Est-ce qu’il y a quelque chose qui change entre le « Moresco italien » et le « Moresco français » ? Sont-ils la même personne, se ressemblent-ils, ou y a-t-il des différences remarquables, que l’on ne peut pas arriver à éliminer ?
Je suppose que la question fait référence aux livres et non à la personne ; le cas échéant je ne saurais répondre… Mais s’il s’agit des livres, je voudrais souligner qu’une traduction n’est pas une imitation, un clonage et que, partant, le livre traduit ne peut être que différent du livre original, du fait même que les systèmes de langue sont dissemblables. Cette différence est intrinsèque à la traduction, de façon définitive et absolue. L’essentiel, pour moi, est de conserver la voix de l’auteur et toute la symphonie de son écriture, même si je suis contraint de remplacer parfois, quand c’est inévitable, un instrument par un autre pour que la partition puisse être jouée dans mon pays, ou moduler quelques notes. Tout l’art du traducteur est justement de faire en sorte que le lecteur n’y voie que du feu et se régale de la petite musique de l’écriture.
Et enfin : est-ce que tu peux nous révéler s’il y a d’autres auteurs italiens que tu aimerais traduire dans ta langue ?

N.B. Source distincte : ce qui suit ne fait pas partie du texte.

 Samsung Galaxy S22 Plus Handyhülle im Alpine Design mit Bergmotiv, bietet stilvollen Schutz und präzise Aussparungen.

J’aimerais beaucoup traduire Il conservatorio di Santa Teresa de Romano Bilenchi : c’est un texte d’une puissance d’écriture vertigineuse. Il y a aussi Fratelli d’Italia d’Alberto Arbasino, que j’avais commencé à traduire mais qui, pour des raisons financières, n’a pas (encore) trouvé d’éditeur. Mon grand rêve de traducteur serait de pouvoir (re)traduire certains romans de Marguerite Duras en italien. La voix littéraire de Duras est inégalable. J’aimerais tellement que les Italiens l’entendent dans la magie pleine et entière de ses cordes scripturales.